Dataset records
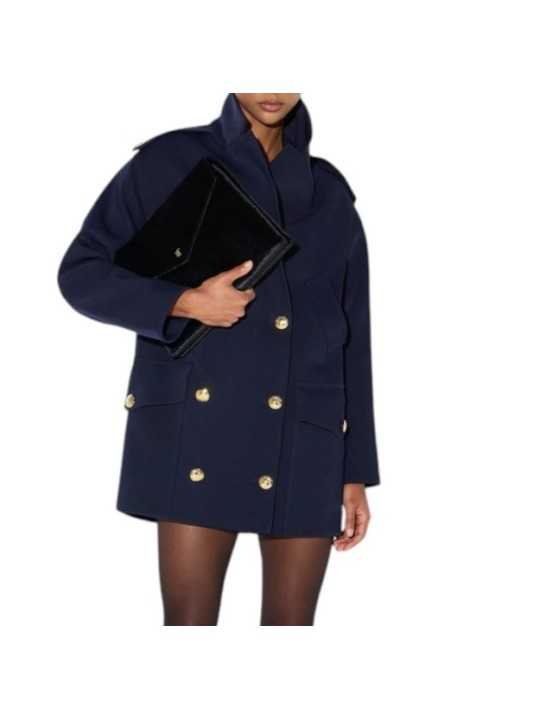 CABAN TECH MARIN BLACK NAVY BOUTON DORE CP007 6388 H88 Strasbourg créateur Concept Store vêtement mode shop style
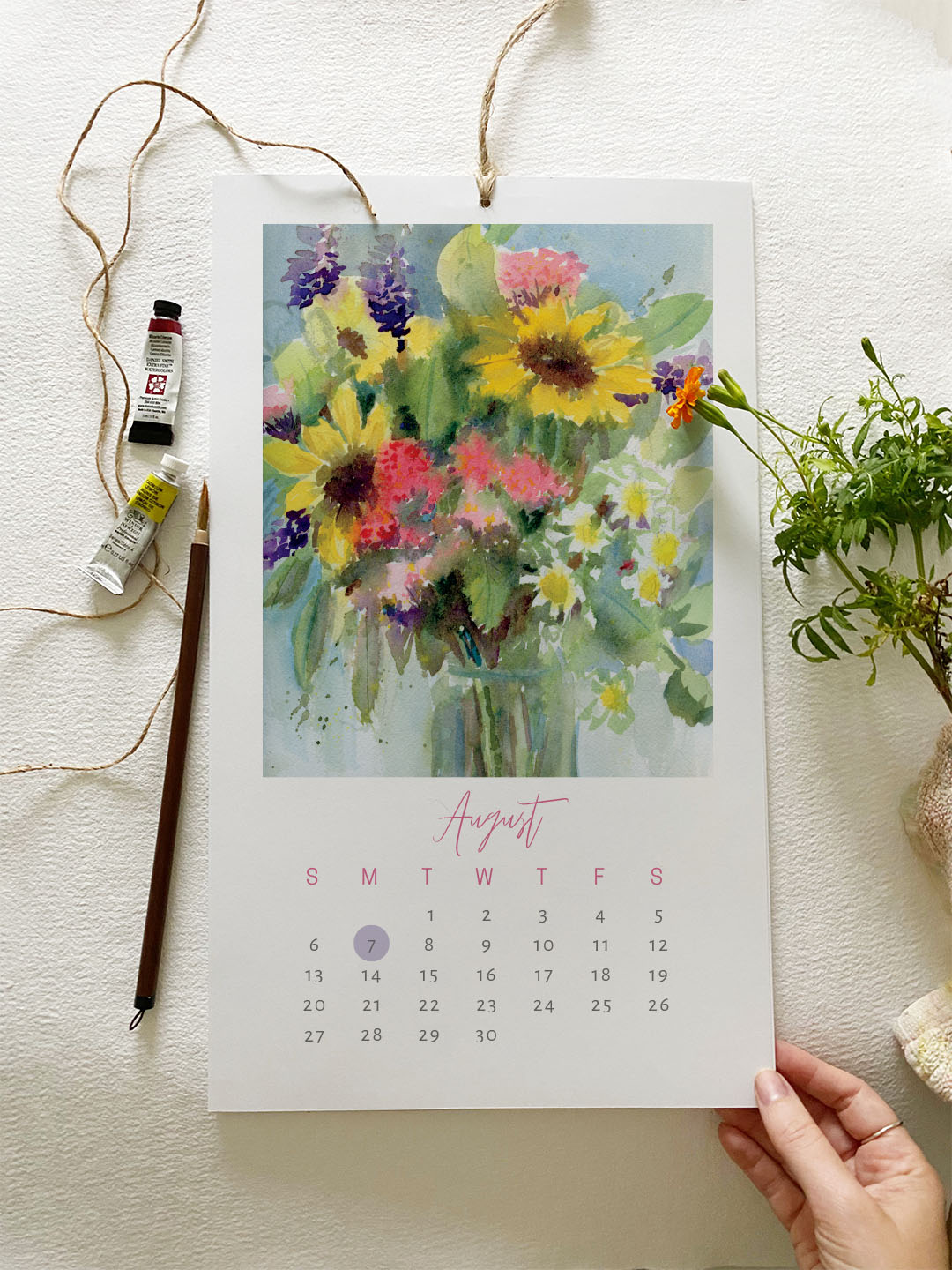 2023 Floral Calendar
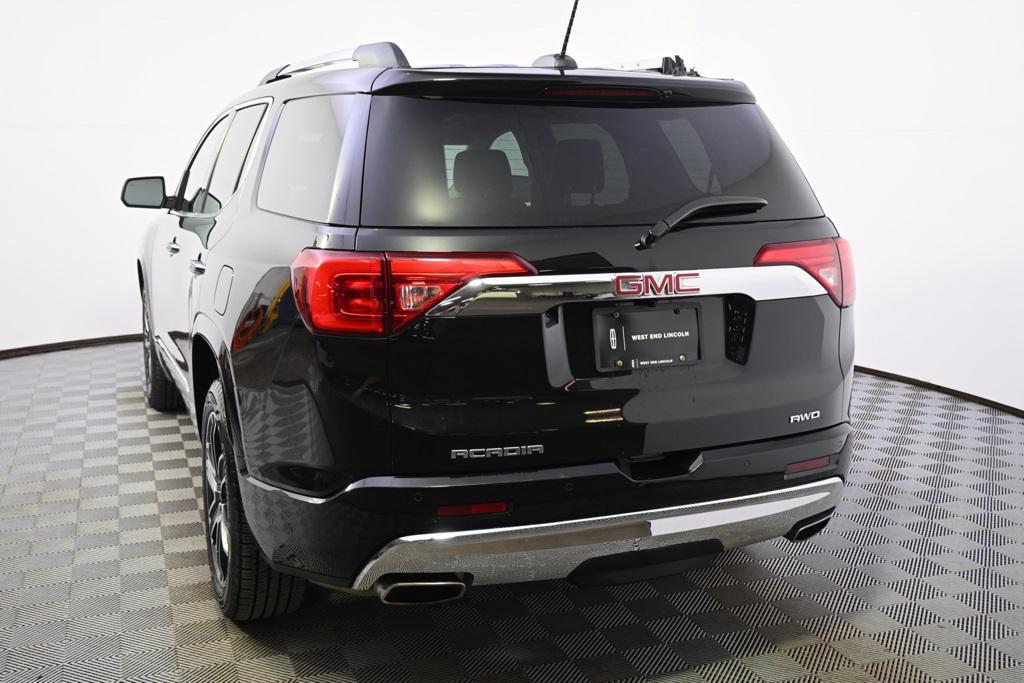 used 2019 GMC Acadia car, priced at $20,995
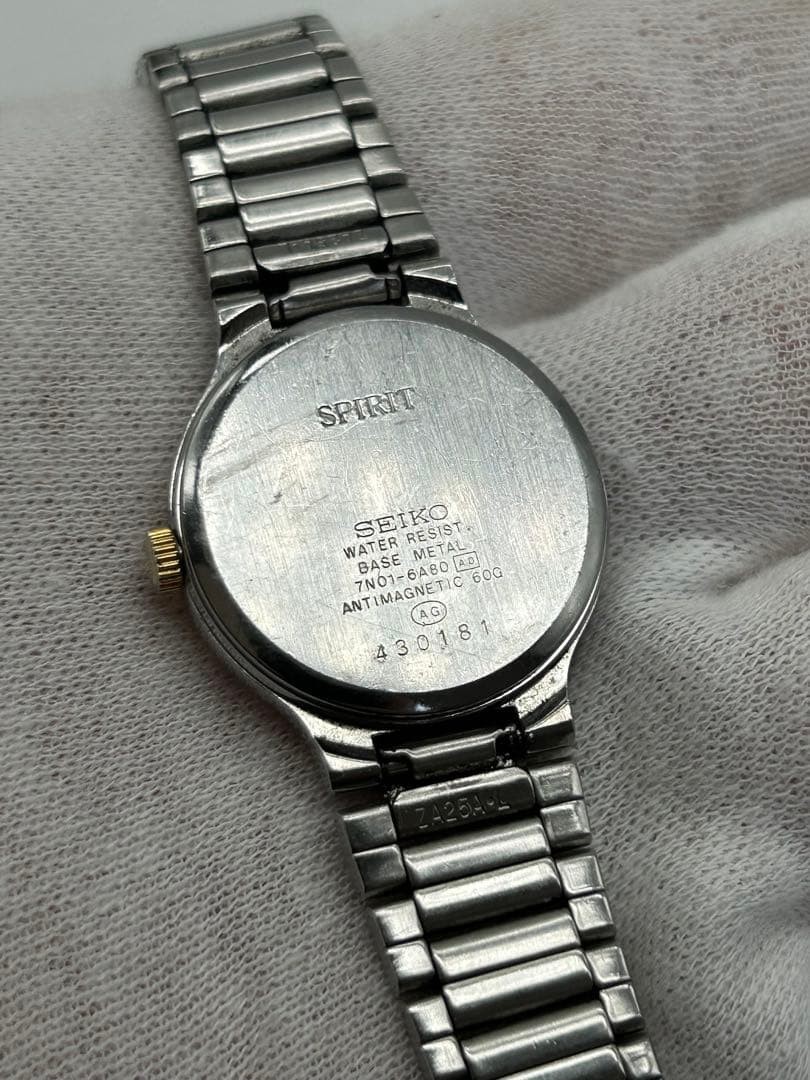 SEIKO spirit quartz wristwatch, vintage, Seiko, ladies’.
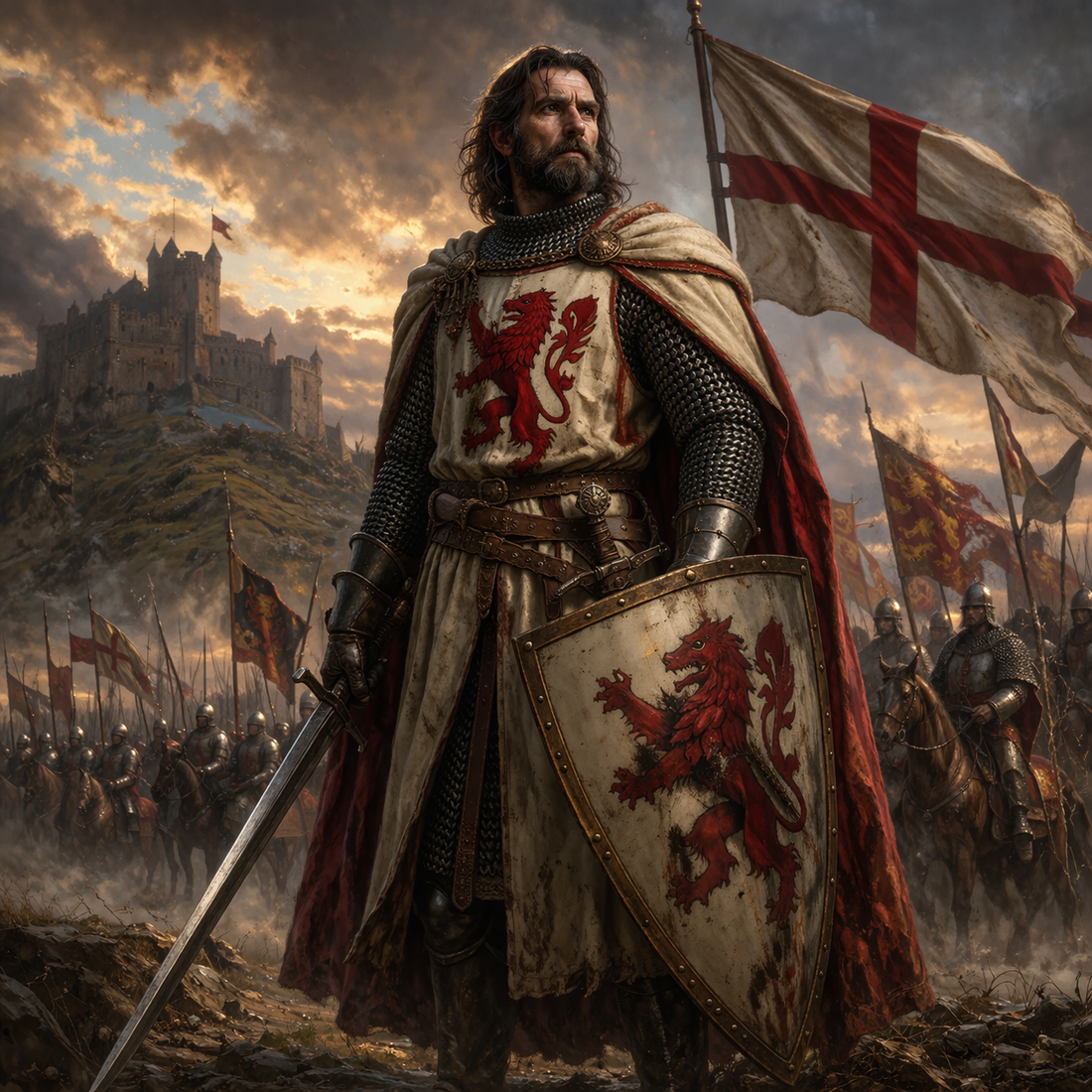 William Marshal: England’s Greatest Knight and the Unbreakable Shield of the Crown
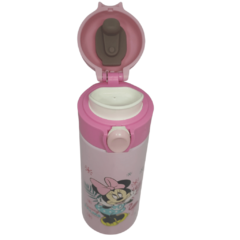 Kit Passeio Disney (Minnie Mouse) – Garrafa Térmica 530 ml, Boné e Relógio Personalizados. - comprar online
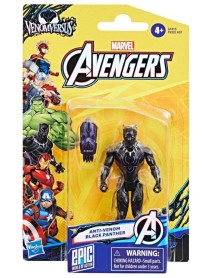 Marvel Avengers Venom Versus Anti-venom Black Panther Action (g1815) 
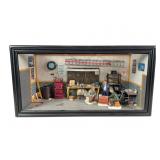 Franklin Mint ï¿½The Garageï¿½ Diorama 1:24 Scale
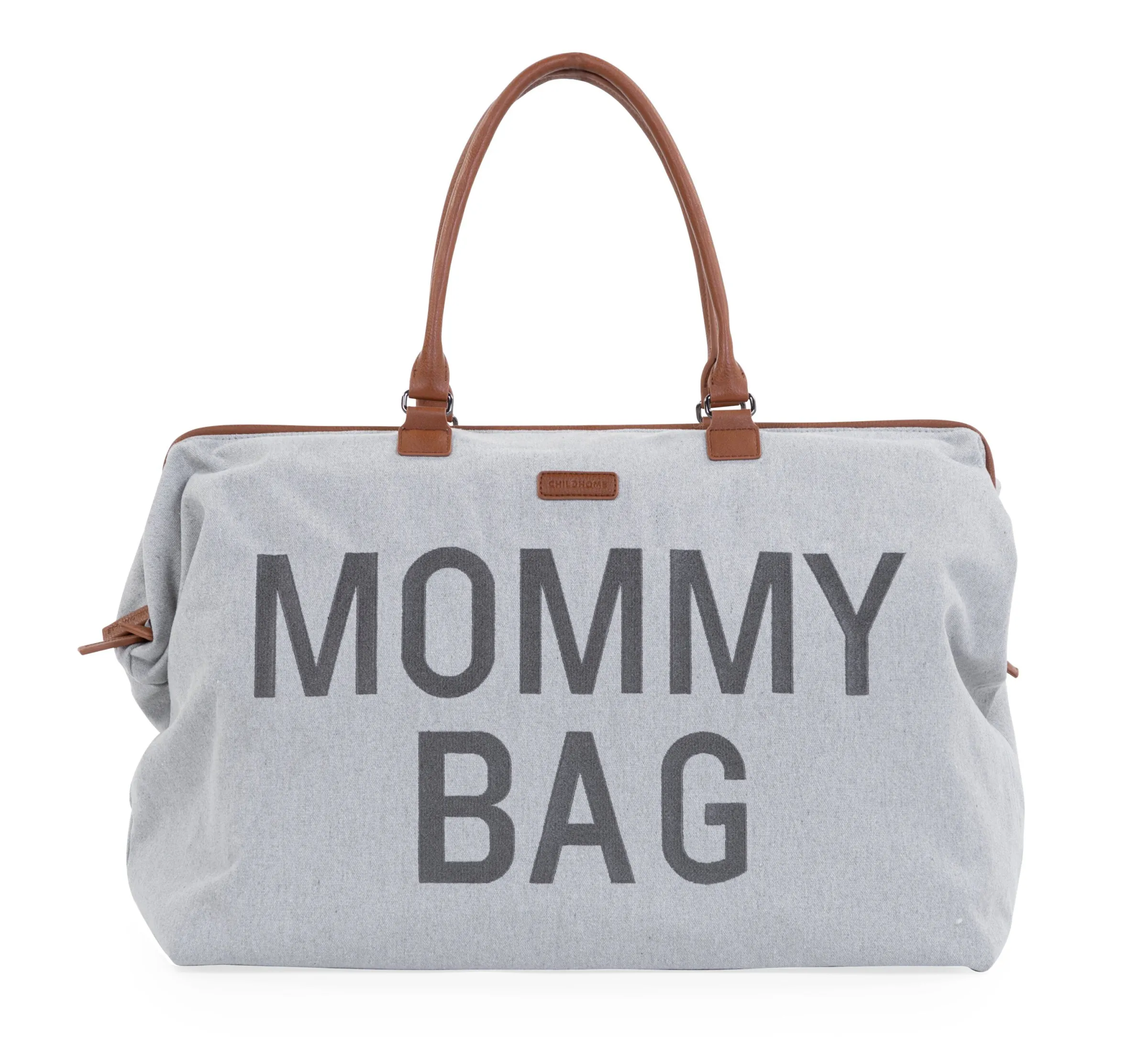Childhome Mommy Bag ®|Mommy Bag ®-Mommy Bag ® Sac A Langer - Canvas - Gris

What is expected
Starting at the line that contains "William Marshal: England’s", retype each line through the end of the data exactly, and leave out every picture.

Task response
 William Marshal: England’s Greatest Knight and the Unbreakable Shield of the Crown
 Kit Passeio Disney (Minnie Mouse) – Garrafa Térmica 530 ml, Boné e Relógio Personalizados. - comprar online
 Marvel Avengers Venom Versus Anti-venom Black Panther Action (g1815) 
 Franklin Mint ï¿½The Garageï¿½ Diorama 1:24 Scale
Childhome Mommy Bag ®|Mommy Bag ®-Mommy Bag ® Sac A Langer - Canvas - Gris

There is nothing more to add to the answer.